- [Directions]:
In the records below, the relevant part opens with the line containing "1 bed, 1.0 bath, 900 sqft, $1,600 — Photo 3" and closes with the line containing "5TDBK3EH0CS147004: 44220719"; print that part exactly and only, without its pictures.
-- Given data follows --
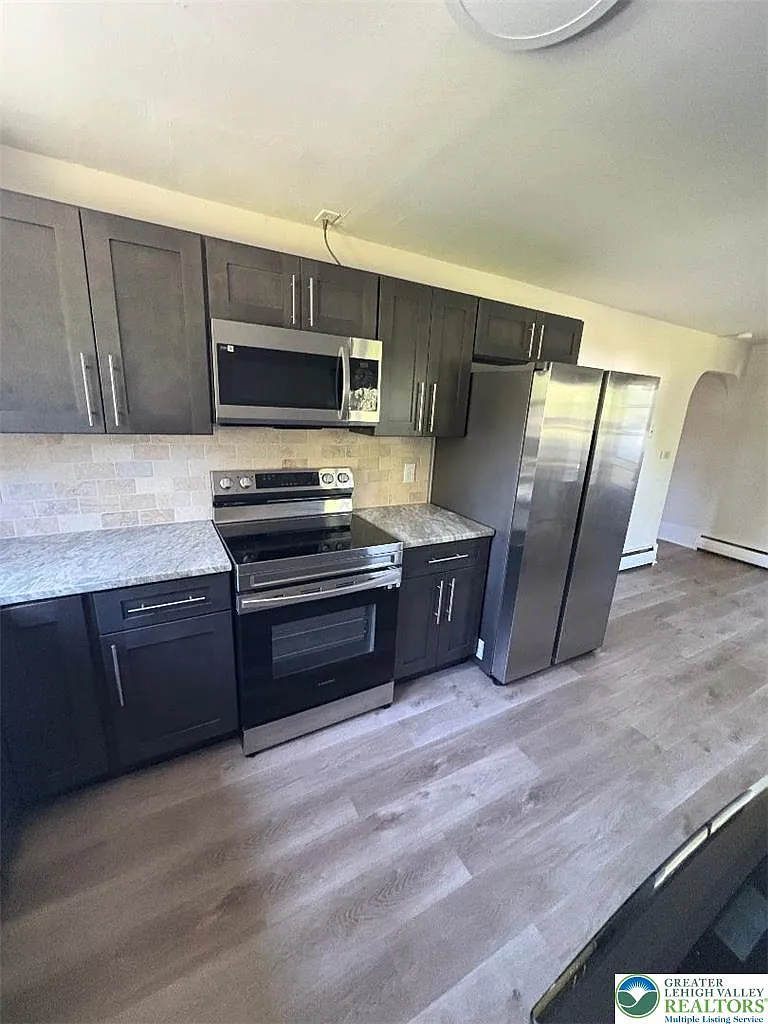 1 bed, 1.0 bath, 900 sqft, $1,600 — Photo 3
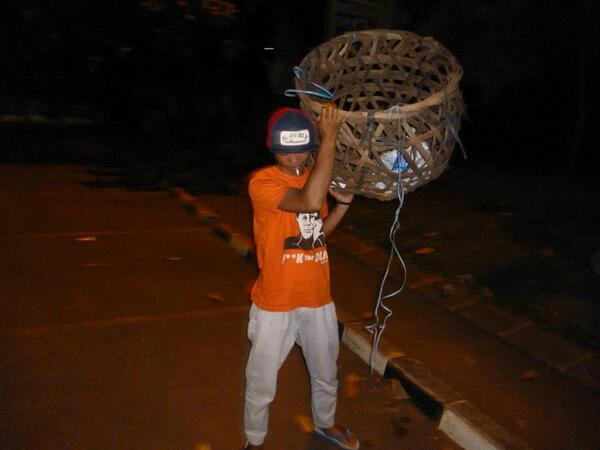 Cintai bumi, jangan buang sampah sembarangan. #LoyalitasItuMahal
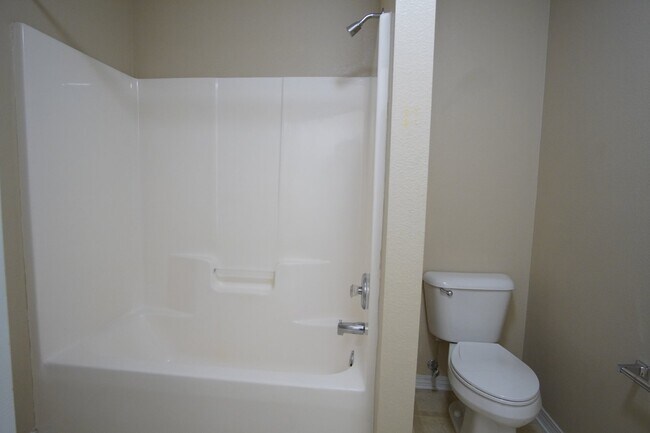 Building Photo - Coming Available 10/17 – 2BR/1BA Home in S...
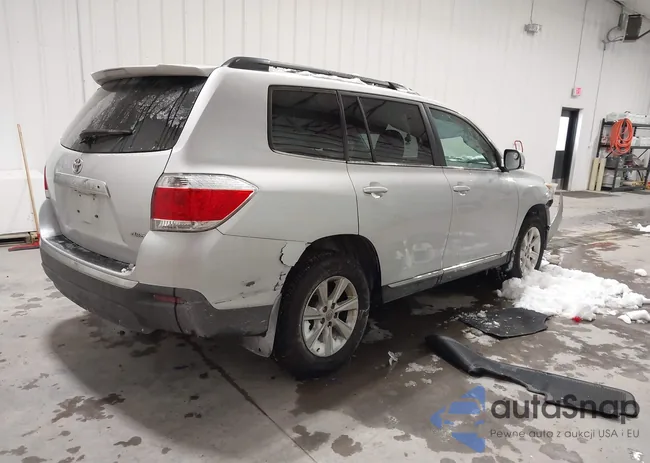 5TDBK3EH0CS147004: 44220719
-- Given data concluded --
-- Given data follows --
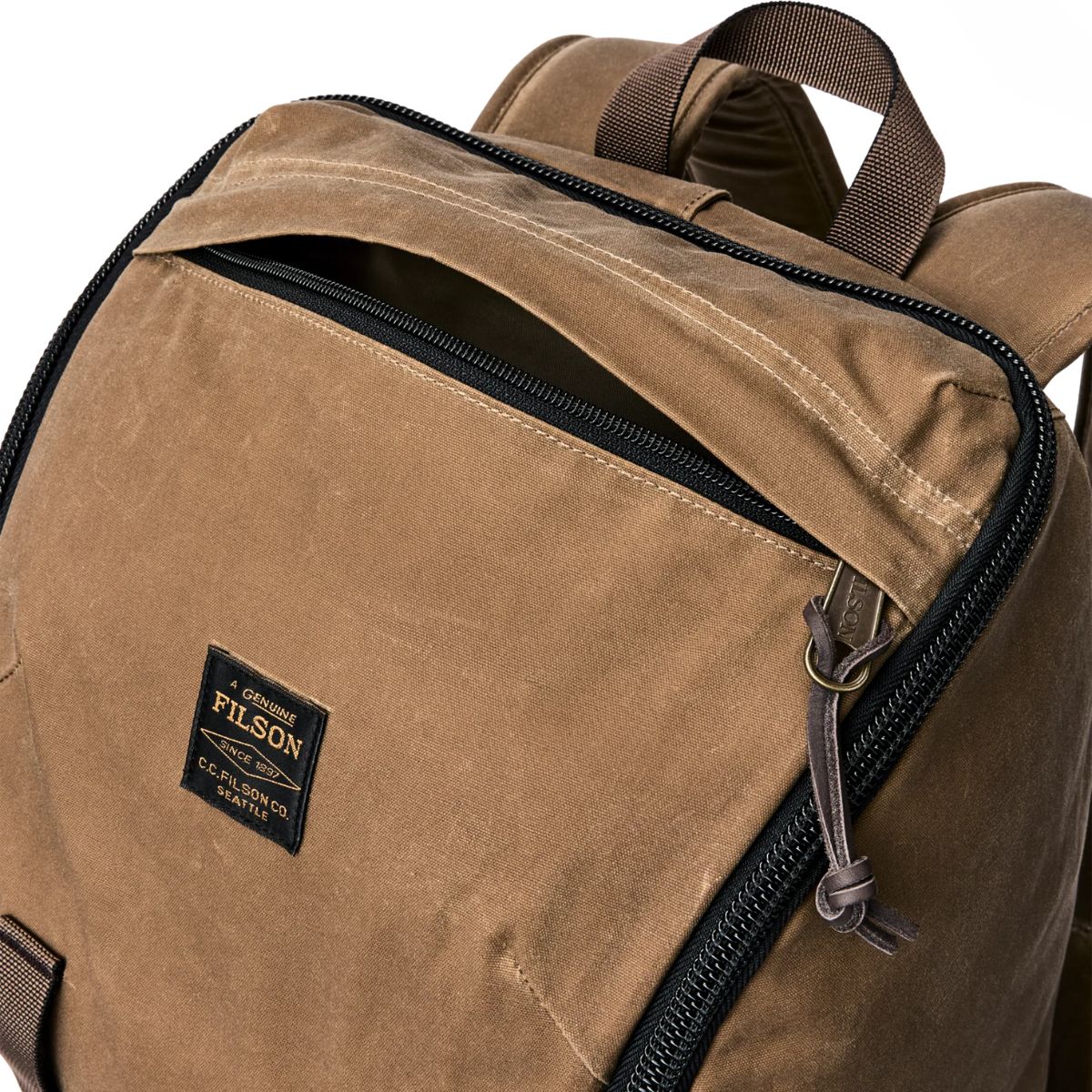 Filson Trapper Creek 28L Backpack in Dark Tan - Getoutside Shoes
-- Given data concluded --
- [Reply to the task]:
 1 bed, 1.0 bath, 900 sqft, $1,600 — Photo 3
 Cintai bumi, jangan buang sampah sembarangan. #LoyalitasItuMahal
 Building Photo - Coming Available 10/17 – 2BR/1BA Home in S...
 5TDBK3EH0CS147004: 44220719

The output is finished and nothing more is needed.